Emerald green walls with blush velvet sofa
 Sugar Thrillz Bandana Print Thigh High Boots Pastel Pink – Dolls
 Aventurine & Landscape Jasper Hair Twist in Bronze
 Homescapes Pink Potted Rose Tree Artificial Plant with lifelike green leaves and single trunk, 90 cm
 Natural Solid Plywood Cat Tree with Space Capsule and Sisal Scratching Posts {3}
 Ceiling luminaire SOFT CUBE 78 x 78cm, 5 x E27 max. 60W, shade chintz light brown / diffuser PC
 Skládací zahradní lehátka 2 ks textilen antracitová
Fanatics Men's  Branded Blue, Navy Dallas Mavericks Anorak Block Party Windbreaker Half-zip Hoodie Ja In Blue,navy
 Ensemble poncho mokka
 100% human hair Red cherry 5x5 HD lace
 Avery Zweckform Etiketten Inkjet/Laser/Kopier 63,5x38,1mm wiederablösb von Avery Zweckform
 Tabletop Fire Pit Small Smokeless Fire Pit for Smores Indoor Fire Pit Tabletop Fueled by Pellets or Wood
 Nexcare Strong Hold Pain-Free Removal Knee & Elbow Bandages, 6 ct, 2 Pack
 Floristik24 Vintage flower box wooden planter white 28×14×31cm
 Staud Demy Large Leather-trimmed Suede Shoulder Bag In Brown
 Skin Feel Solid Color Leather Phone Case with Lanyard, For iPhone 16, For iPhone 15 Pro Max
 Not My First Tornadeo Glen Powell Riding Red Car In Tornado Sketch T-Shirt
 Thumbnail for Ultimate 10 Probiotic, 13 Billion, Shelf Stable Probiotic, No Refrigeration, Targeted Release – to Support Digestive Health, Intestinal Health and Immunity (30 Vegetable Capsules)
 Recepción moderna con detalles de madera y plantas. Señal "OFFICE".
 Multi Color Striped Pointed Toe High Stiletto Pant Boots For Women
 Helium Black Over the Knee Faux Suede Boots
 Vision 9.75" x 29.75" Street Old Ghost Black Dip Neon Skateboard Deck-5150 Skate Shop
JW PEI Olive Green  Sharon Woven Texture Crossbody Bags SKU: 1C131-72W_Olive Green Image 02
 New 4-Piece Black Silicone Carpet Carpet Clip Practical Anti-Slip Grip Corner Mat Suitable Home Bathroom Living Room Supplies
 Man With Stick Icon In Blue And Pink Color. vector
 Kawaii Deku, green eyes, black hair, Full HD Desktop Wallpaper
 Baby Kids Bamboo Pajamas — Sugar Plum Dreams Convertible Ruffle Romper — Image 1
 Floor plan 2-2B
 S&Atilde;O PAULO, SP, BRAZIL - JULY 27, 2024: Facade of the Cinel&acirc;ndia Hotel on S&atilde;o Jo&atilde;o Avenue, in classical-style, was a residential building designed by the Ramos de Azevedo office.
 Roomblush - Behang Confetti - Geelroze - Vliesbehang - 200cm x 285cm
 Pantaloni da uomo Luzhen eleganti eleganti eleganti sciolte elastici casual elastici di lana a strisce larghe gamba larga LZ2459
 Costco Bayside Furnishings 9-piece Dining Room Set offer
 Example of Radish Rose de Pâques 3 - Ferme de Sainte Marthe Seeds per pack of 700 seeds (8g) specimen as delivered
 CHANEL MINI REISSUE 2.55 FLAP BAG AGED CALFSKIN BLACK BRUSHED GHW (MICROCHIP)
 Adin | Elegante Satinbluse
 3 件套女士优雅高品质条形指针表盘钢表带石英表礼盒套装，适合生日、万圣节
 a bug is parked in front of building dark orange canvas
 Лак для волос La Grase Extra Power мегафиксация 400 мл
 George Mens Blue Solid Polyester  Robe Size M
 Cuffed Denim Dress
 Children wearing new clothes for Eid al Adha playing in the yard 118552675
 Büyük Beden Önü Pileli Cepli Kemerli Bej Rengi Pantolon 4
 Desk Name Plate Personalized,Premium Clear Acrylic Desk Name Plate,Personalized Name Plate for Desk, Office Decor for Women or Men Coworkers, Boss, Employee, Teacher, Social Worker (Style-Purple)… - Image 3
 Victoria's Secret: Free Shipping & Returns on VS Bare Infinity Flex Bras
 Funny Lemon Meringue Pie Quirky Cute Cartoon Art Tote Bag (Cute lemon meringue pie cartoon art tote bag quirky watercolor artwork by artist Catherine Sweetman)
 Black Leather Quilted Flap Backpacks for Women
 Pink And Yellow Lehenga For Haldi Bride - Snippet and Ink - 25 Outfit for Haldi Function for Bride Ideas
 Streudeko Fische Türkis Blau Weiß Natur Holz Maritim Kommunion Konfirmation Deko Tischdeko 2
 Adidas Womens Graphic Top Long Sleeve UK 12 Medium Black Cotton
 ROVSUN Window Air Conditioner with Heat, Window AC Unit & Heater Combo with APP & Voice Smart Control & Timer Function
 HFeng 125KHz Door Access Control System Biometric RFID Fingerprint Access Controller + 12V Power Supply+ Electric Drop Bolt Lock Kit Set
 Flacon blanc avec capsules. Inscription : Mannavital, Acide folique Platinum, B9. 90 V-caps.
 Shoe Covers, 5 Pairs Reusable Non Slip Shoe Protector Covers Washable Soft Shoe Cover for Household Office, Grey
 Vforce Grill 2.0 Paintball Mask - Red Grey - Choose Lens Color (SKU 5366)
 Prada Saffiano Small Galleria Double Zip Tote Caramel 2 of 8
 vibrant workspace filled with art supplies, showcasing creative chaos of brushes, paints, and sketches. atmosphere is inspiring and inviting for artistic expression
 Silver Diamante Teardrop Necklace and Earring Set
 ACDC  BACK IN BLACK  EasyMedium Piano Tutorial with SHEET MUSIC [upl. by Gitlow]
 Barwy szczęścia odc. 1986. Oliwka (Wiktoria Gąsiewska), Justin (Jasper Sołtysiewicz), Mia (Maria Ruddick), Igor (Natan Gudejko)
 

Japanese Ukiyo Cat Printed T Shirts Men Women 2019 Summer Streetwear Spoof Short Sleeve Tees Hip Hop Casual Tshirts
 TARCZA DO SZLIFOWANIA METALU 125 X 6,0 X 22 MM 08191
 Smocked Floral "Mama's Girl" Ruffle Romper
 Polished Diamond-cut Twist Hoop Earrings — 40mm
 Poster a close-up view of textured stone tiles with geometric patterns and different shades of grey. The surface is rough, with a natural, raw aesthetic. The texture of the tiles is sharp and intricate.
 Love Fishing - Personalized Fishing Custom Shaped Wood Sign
· · · ·
PROBLEM DESCRIPTION
Every entry is to be repeated exactly as it stands.

RESPONSE BOX
Emerald green walls with blush velvet sofa
 Sugar Thrillz Bandana Print Thigh High Boots Pastel Pink – Dolls
 Aventurine & Landscape Jasper Hair Twist in Bronze
 Homescapes Pink Potted Rose Tree Artificial Plant with lifelike green leaves and single trunk, 90 cm
 Natural Solid Plywood Cat Tree with Space Capsule and Sisal Scratching Posts {3}
 Ceiling luminaire SOFT CUBE 78 x 78cm, 5 x E27 max. 60W, shade chintz light brown / diffuser PC
 Skládací zahradní lehátka 2 ks textilen antracitová
Fanatics Men's  Branded Blue, Navy Dallas Mavericks Anorak Block Party Windbreaker Half-zip Hoodie Ja In Blue,navy
 Ensemble poncho mokka
 100% human hair Red cherry 5x5 HD lace
 Avery Zweckform Etiketten Inkjet/Laser/Kopier 63,5x38,1mm wiederablösb von Avery Zweckform
 Tabletop Fire Pit Small Smokeless Fire Pit for Smores Indoor Fire Pit Tabletop Fueled by Pellets or Wood
 Nexcare Strong Hold Pain-Free Removal Knee & Elbow Bandages, 6 ct, 2 Pack
 Floristik24 Vintage flower box wooden planter white 28×14×31cm
 Staud Demy Large Leather-trimmed Suede Shoulder Bag In Brown
 Skin Feel Solid Color Leather Phone Case with Lanyard, For iPhone 16, For iPhone 15 Pro Max
 Not My First Tornadeo Glen Powell Riding Red Car In Tornado Sketch T-Shirt
 Thumbnail for Ultimate 10 Probiotic, 13 Billion, Shelf Stable Probiotic, No Refrigeration, Targeted Release – to Support Digestive Health, Intestinal Health and Immunity (30 Vegetable Capsules)
 Recepción moderna con detalles de madera y plantas. Señal "OFFICE".
 Multi Color Striped Pointed Toe High Stiletto Pant Boots For Women
 Helium Black Over the Knee Faux Suede Boots
 Vision 9.75" x 29.75" Street Old Ghost Black Dip Neon Skateboard Deck-5150 Skate Shop
JW PEI Olive Green  Sharon Woven Texture Crossbody Bags SKU: 1C131-72W_Olive Green Image 02
 New 4-Piece Black Silicone Carpet Carpet Clip Practical Anti-Slip Grip Corner Mat Suitable Home Bathroom Living Room Supplies
 Man With Stick Icon In Blue And Pink Color. vector
 Kawaii Deku, green eyes, black hair, Full HD Desktop Wallpaper
 Baby Kids Bamboo Pajamas — Sugar Plum Dreams Convertible Ruffle Romper — Image 1
 Floor plan 2-2B
 S&Atilde;O PAULO, SP, BRAZIL - JULY 27, 2024: Facade of the Cinel&acirc;ndia Hotel on S&atilde;o Jo&atilde;o Avenue, in classical-style, was a residential building designed by the Ramos de Azevedo office.
 Roomblush - Behang Confetti - Geelroze - Vliesbehang - 200cm x 285cm
 Pantaloni da uomo Luzhen eleganti eleganti eleganti sciolte elastici casual elastici di lana a strisce larghe gamba larga LZ2459
 Costco Bayside Furnishings 9-piece Dining Room Set offer
 Example of Radish Rose de Pâques 3 - Ferme de Sainte Marthe Seeds per pack of 700 seeds (8g) specimen as delivered
 CHANEL MINI REISSUE 2.55 FLAP BAG AGED CALFSKIN BLACK BRUSHED GHW (MICROCHIP)
 Adin | Elegante Satinbluse
 3 件套女士优雅高品质条形指针表盘钢表带石英表礼盒套装，适合生日、万圣节
 a bug is parked in front of building dark orange canvas
 Лак для волос La Grase Extra Power мегафиксация 400 мл
 George Mens Blue Solid Polyester  Robe Size M
 Cuffed Denim Dress
 Children wearing new clothes for Eid al Adha playing in the yard 118552675
 Büyük Beden Önü Pileli Cepli Kemerli Bej Rengi Pantolon 4
 Desk Name Plate Personalized,Premium Clear Acrylic Desk Name Plate,Personalized Name Plate for Desk, Office Decor for Women or Men Coworkers, Boss, Employee, Teacher, Social Worker (Style-Purple)… - Image 3
 Victoria's Secret: Free Shipping & Returns on VS Bare Infinity Flex Bras
 Funny Lemon Meringue Pie Quirky Cute Cartoon Art Tote Bag (Cute lemon meringue pie cartoon art tote bag quirky watercolor artwork by artist Catherine Sweetman)
 Black Leather Quilted Flap Backpacks for Women
 Pink And Yellow Lehenga For Haldi Bride - Snippet and Ink - 25 Outfit for Haldi Function for Bride Ideas
 Streudeko Fische Türkis Blau Weiß Natur Holz Maritim Kommunion Konfirmation Deko Tischdeko 2
 Adidas Womens Graphic Top Long Sleeve UK 12 Medium Black Cotton
 ROVSUN Window Air Conditioner with Heat, Window AC Unit & Heater Combo with APP & Voice Smart Control & Timer Function
 HFeng 125KHz Door Access Control System Biometric RFID Fingerprint Access Controller + 12V Power Supply+ Electric Drop Bolt Lock Kit Set
 Flacon blanc avec capsules. Inscription : Mannavital, Acide folique Platinum, B9. 90 V-caps.
 Shoe Covers, 5 Pairs Reusable Non Slip Shoe Protector Covers Washable Soft Shoe Cover for Household Office, Grey
 Vforce Grill 2.0 Paintball Mask - Red Grey - Choose Lens Color (SKU 5366)
 Prada Saffiano Small Galleria Double Zip Tote Caramel 2 of 8
 vibrant workspace filled with art supplies, showcasing creative chaos of brushes, paints, and sketches. atmosphere is inspiring and inviting for artistic expression
 Silver Diamante Teardrop Necklace and Earring Set
 ACDC  BACK IN BLACK  EasyMedium Piano Tutorial with SHEET MUSIC [upl. by Gitlow]
 Barwy szczęścia odc. 1986. Oliwka (Wiktoria Gąsiewska), Justin (Jasper Sołtysiewicz), Mia (Maria Ruddick), Igor (Natan Gudejko)
 

Japanese Ukiyo Cat Printed T Shirts Men Women 2019 Summer Streetwear Spoof Short Sleeve Tees Hip Hop Casual Tshirts
 TARCZA DO SZLIFOWANIA METALU 125 X 6,0 X 22 MM 08191
 Smocked Floral "Mama's Girl" Ruffle Romper
 Polished Diamond-cut Twist Hoop Earrings — 40mm
 Poster a close-up view of textured stone tiles with geometric patterns and different shades of grey. The surface is rough, with a natural, raw aesthetic. The texture of the tiles is sharp and intricate.
 Love Fishing - Personalized Fishing Custom Shaped Wood Sign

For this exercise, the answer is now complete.